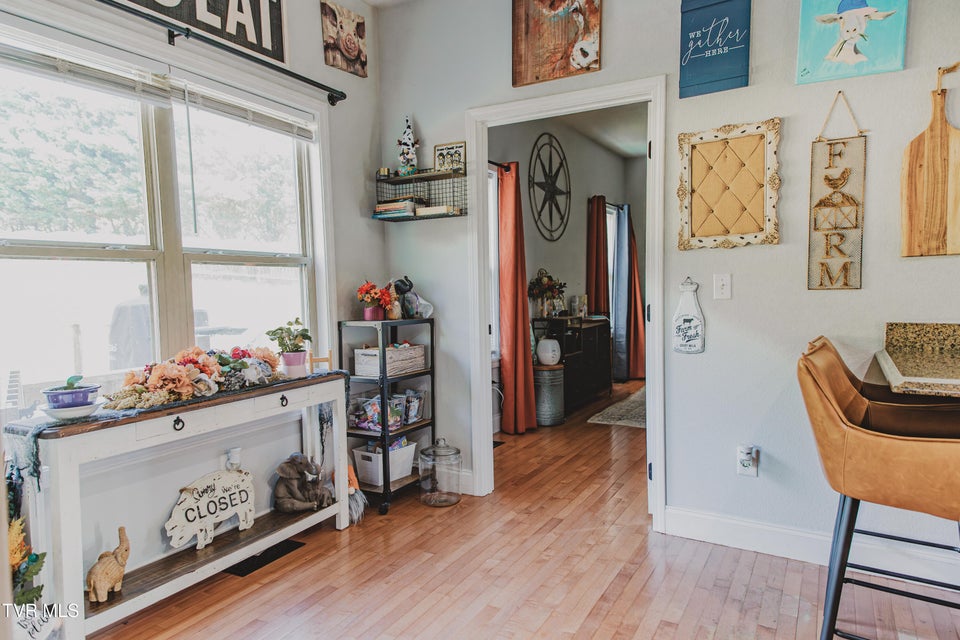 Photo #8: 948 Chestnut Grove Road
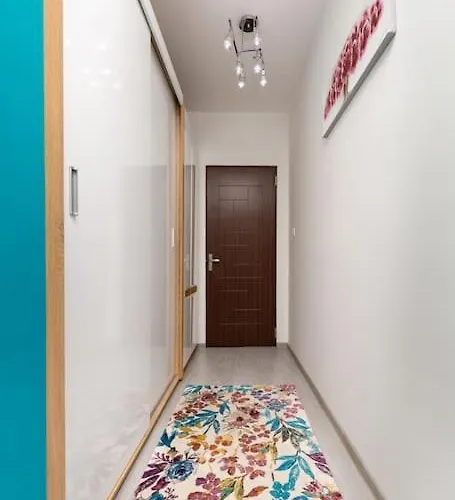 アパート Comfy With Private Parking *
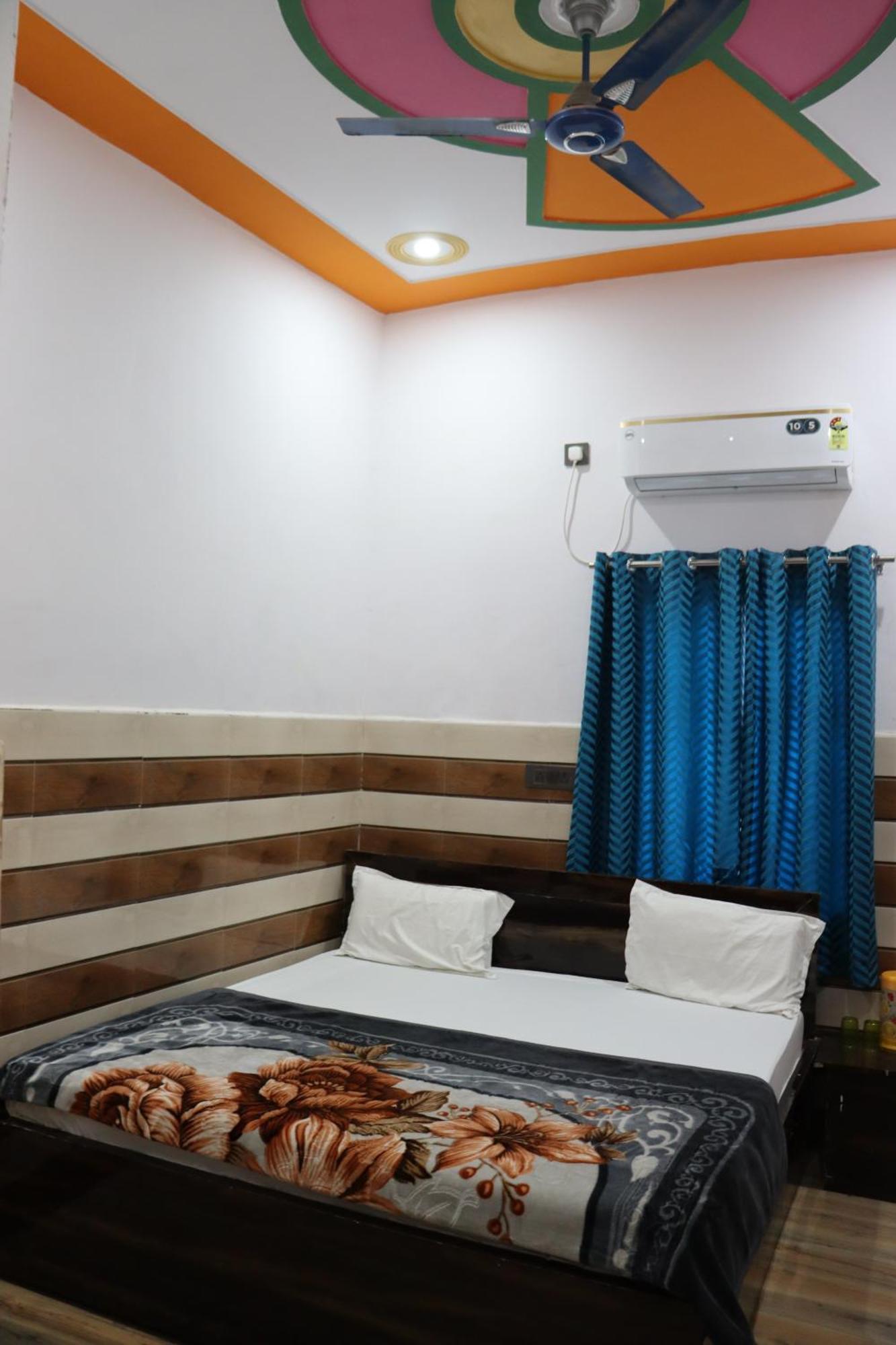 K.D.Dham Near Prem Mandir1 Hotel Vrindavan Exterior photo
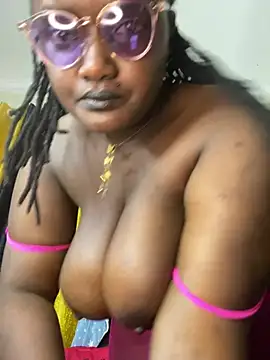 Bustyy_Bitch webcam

• [Exercise]:
All of the lines above must be printed again exactly, and no picture may appear in the copy.

• [Solution below]:
 Photo #8: 948 Chestnut Grove Road
 アパート Comfy With Private Parking *
 K.D.Dham Near Prem Mandir1 Hotel Vrindavan Exterior photo
 Bustyy_Bitch webcam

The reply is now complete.